Extracted data entries:
Content starts
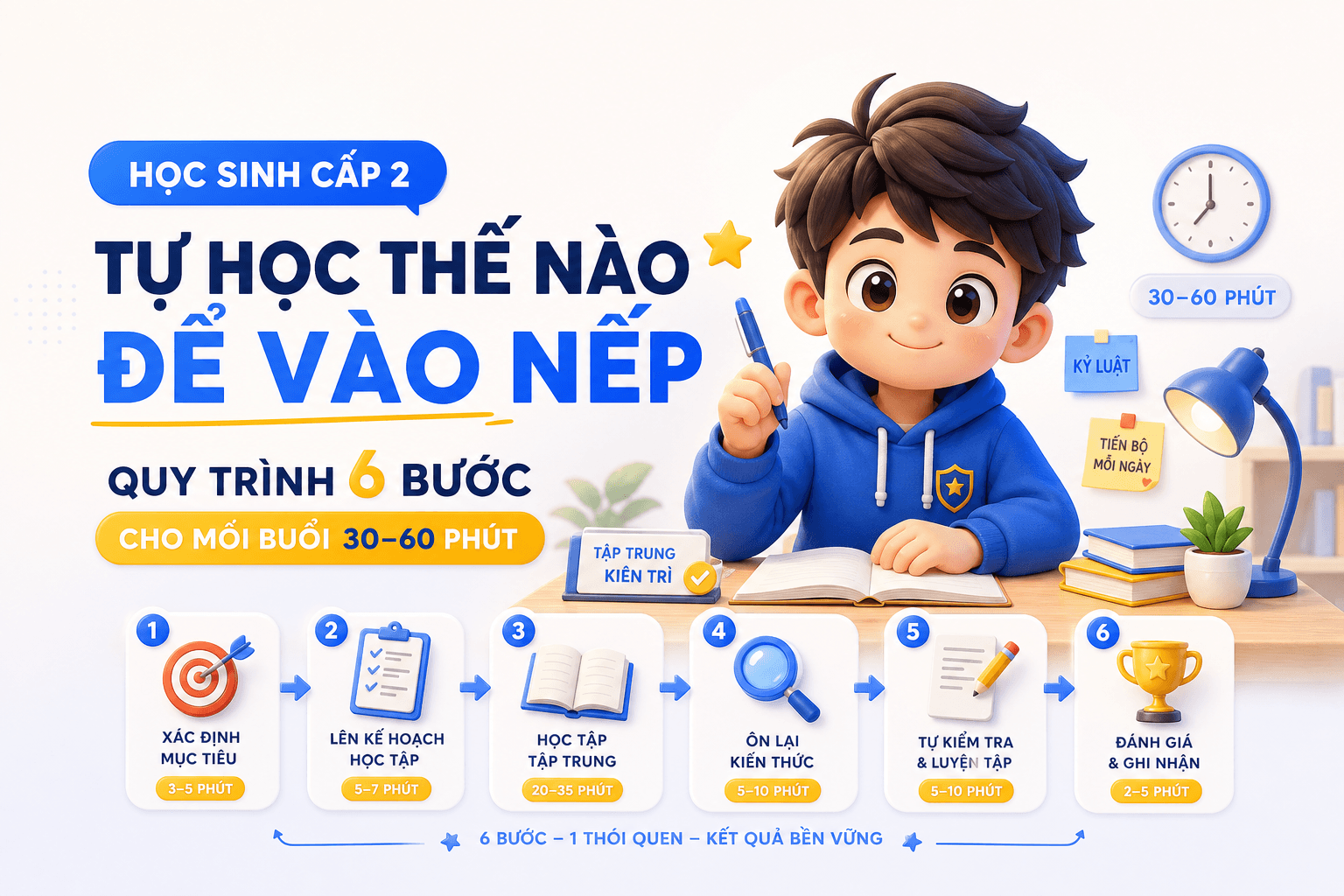 Học sinh cấp 2 tự học thế nào để vào nếp, quy trình 6 bước cho mỗi buổi 30–60 phút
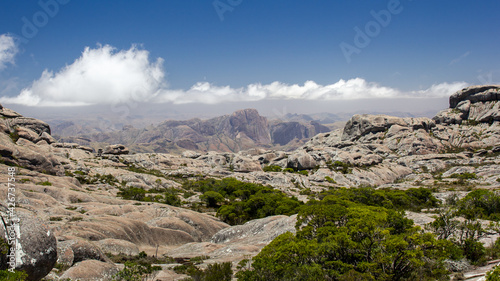 Scenic view of Tsaranoro mountains in Andringitra mountains, Ambalavao district, Madagascar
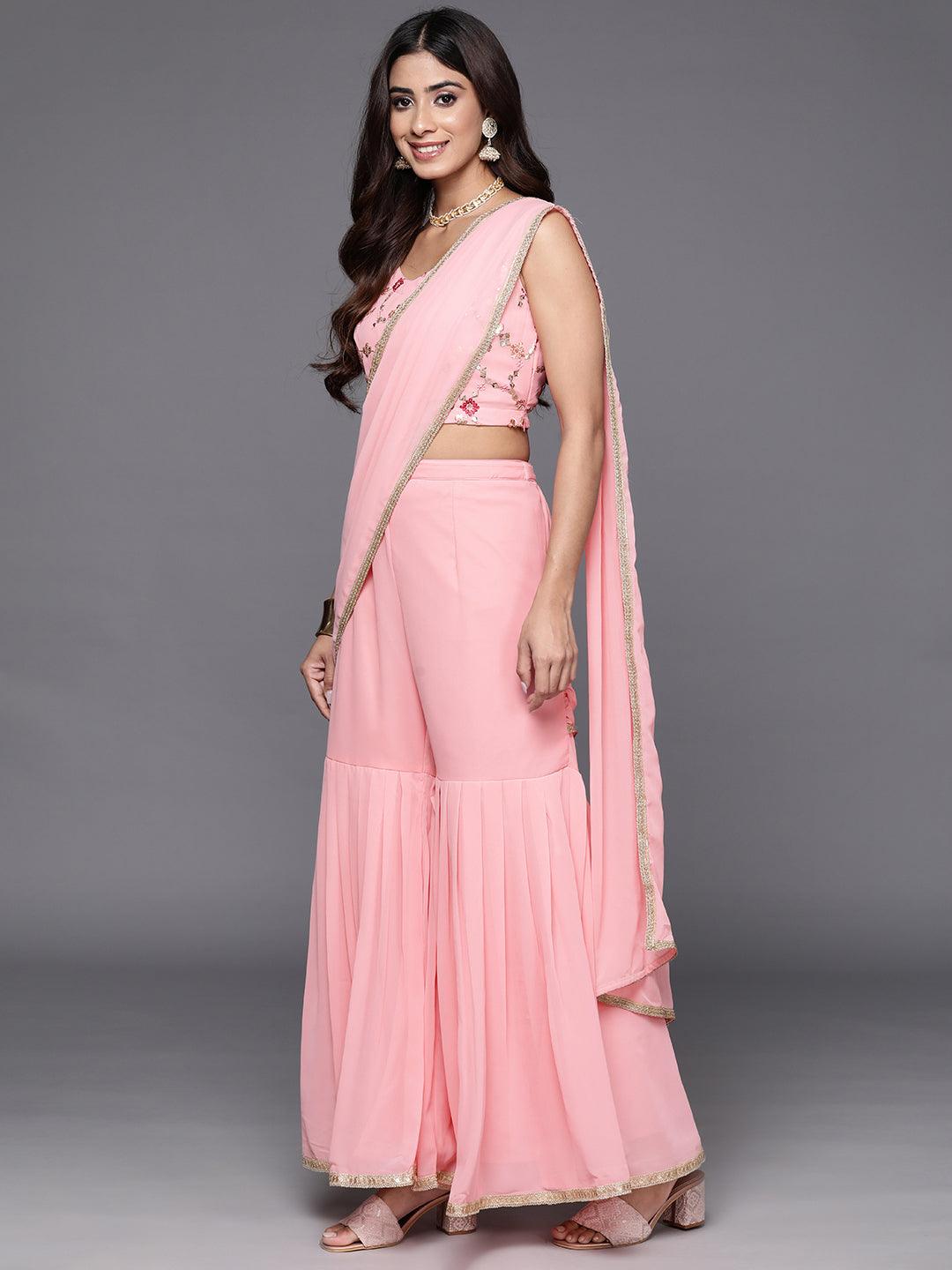 Pink Embellished Georgette Stitched Saree - Libas 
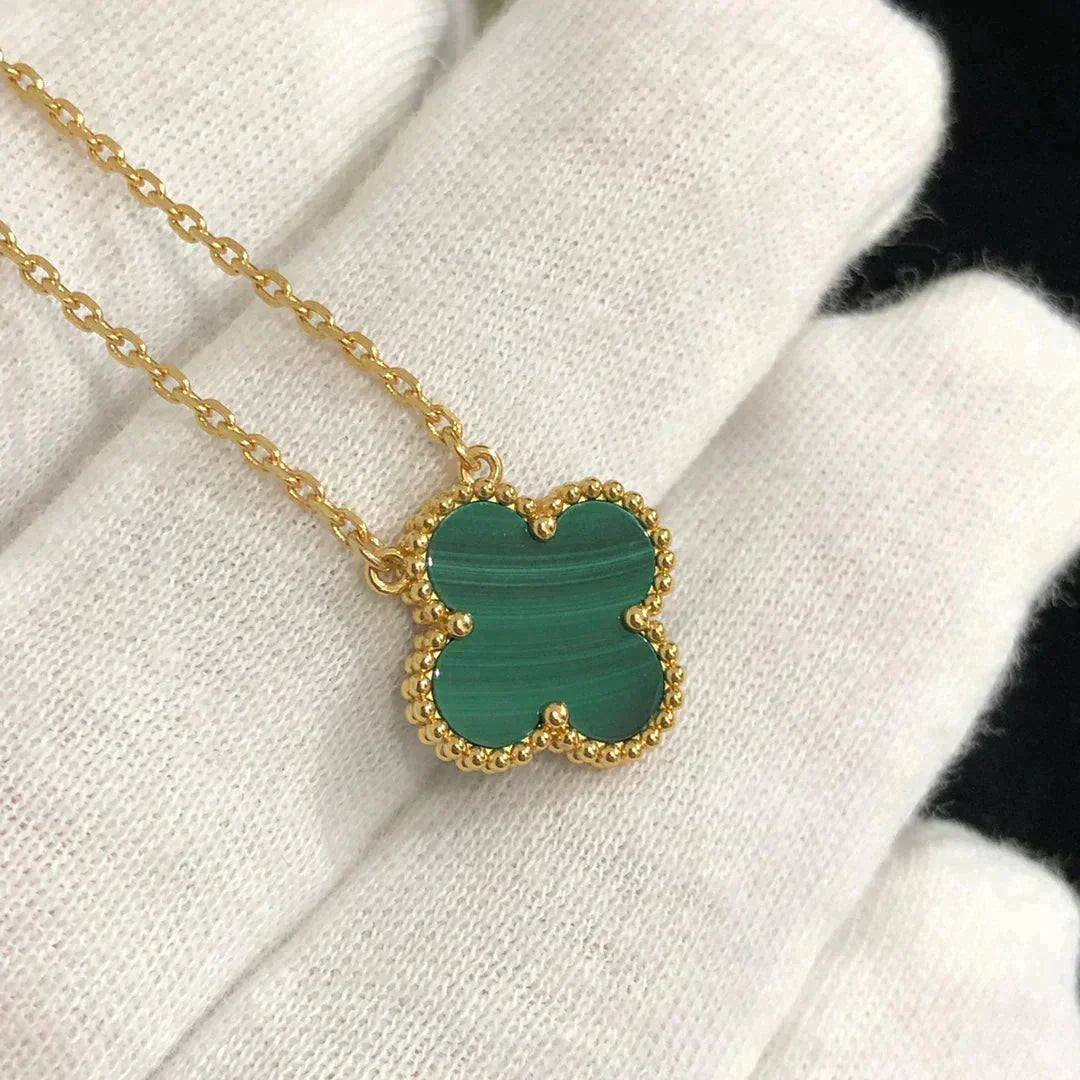 [Love More]CLOVER 15MM MALACHITE SINGLE FLOWER  NECKLACE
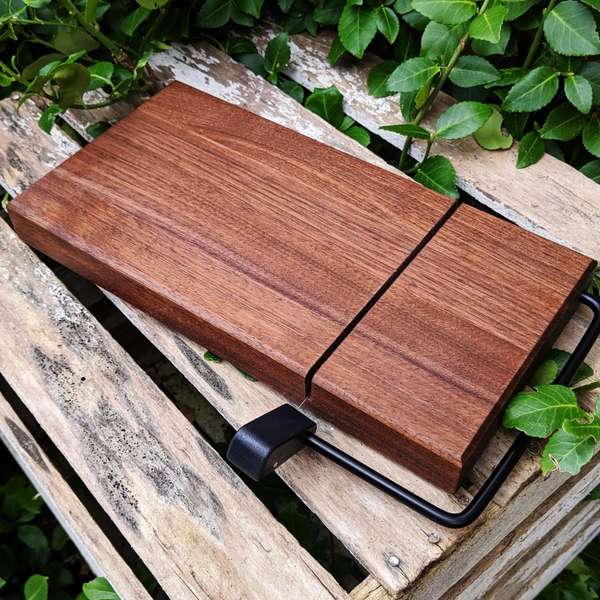 Black Walnut Butcher Block Wood Cheese Slicing Board | Wooden Cheese Slicer.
Content ends
What you should do: Your answer must be an exact repeat of the records above, with the pictures left out.

Task result:
 Học sinh cấp 2 tự học thế nào để vào nếp, quy trình 6 bước cho mỗi buổi 30–60 phút
 Scenic view of Tsaranoro mountains in Andringitra mountains, Ambalavao district, Madagascar
 Pink Embellished Georgette Stitched Saree - Libas 
 [Love More]CLOVER 15MM MALACHITE SINGLE FLOWER  NECKLACE
 Black Walnut Butcher Block Wood Cheese Slicing Board | Wooden Cheese Slicer.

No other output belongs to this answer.